__REQUIRED WORK__
The pictures stay out. Please retype every line below exactly.

__DATA SEGMENT__
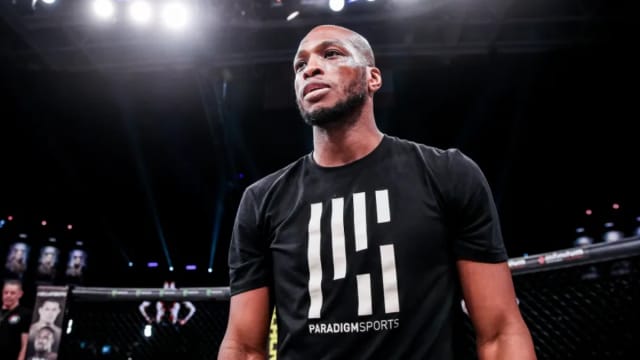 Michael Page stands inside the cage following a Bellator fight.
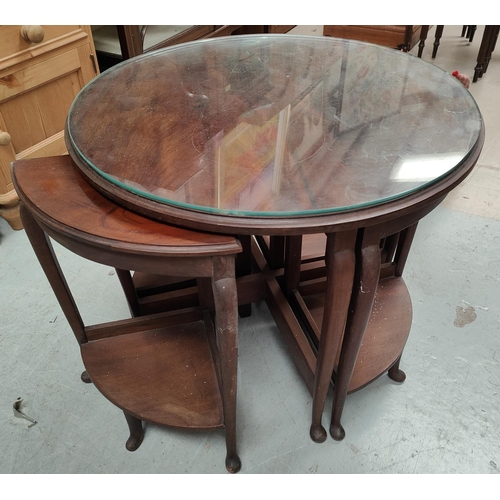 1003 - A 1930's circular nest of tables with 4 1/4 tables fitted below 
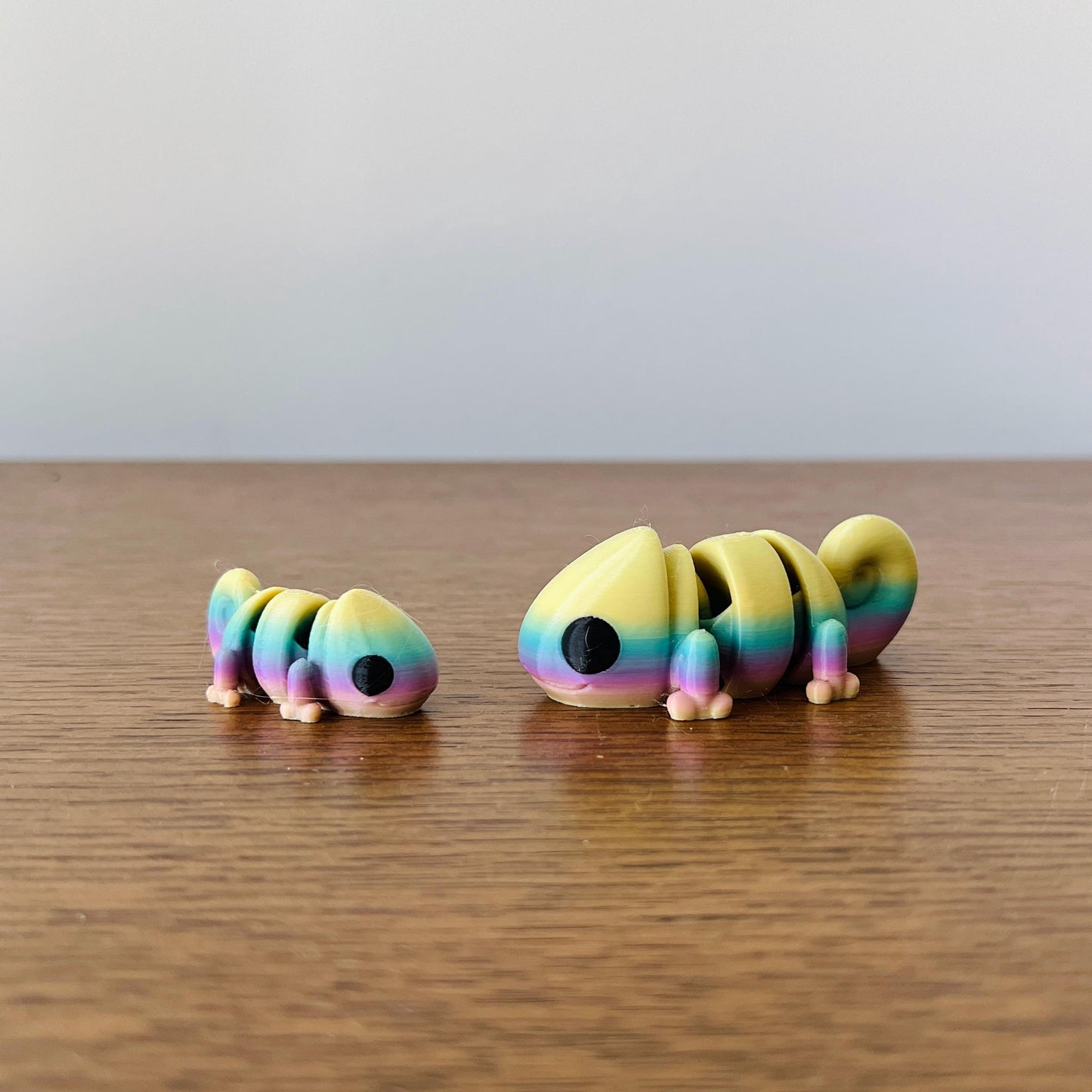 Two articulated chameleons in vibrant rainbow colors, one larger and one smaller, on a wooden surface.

__SOLUTION FOR THIS PROBLEM__
 Michael Page stands inside the cage following a Bellator fight.
 1003 - A 1930's circular nest of tables with 4 1/4 tables fitted below 
 Two articulated chameleons in vibrant rainbow colors, one larger and one smaller, on a wooden surface.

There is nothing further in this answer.